Exercise data:
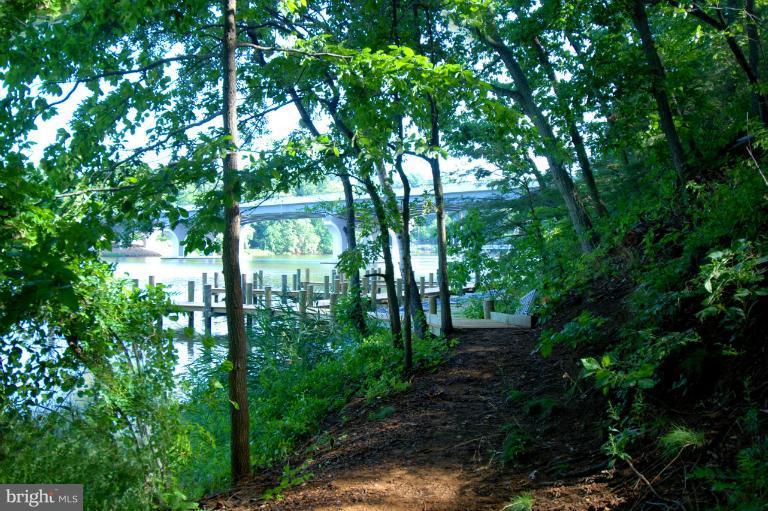 Rogers Heights Road, Unit 5 Annapolis, MD 21401 - Photo 4 of 12 Private Path to Community Boat Dock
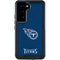 NFL Tennessee Titans Distressed Galaxy S24 Waterproof Case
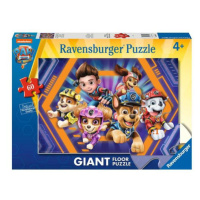 60dílné podlahové puzzle PAW PATROL Giant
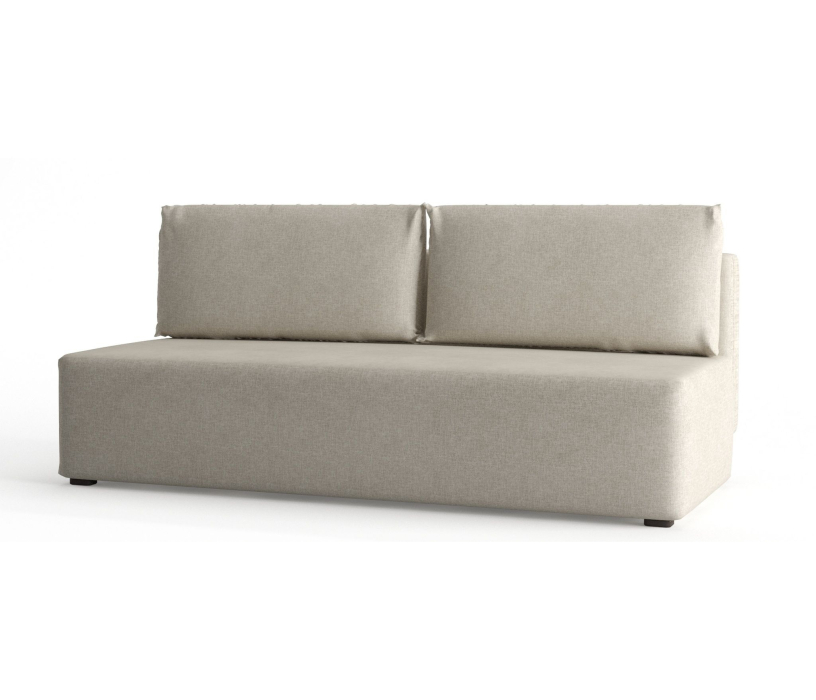 Диваны еврокнижки, Диван-кровать Кубо, независимый пружинный блок, рогожка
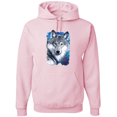 thumbnail image 1 of Wild Bobby, Great Lakes Wolf Animal Lover Graphic Hoodie Sweatshirt, 1 of 1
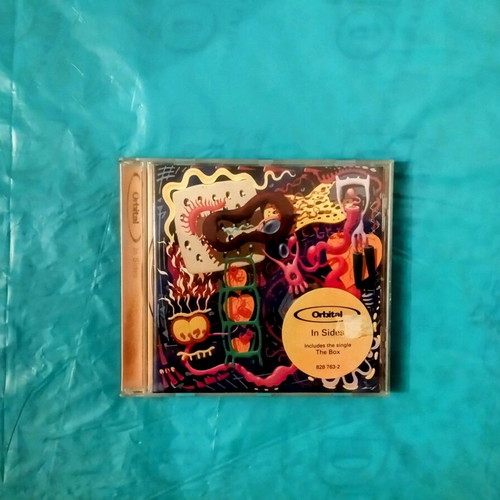 Orbital In Sides CD like new, electronic music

Exercise instructions:
Please leave out the pictures as you reproduce the lines exactly, from the first line of the entries through the line containing "Диваны еврокнижки, Диван-кровать".

Task answer:
 Rogers Heights Road, Unit 5 Annapolis, MD 21401 - Photo 4 of 12 Private Path to Community Boat Dock
 NFL Tennessee Titans Distressed Galaxy S24 Waterproof Case
 60dílné podlahové puzzle PAW PATROL Giant
 Диваны еврокнижки, Диван-кровать Кубо, независимый пружинный блок, рогожка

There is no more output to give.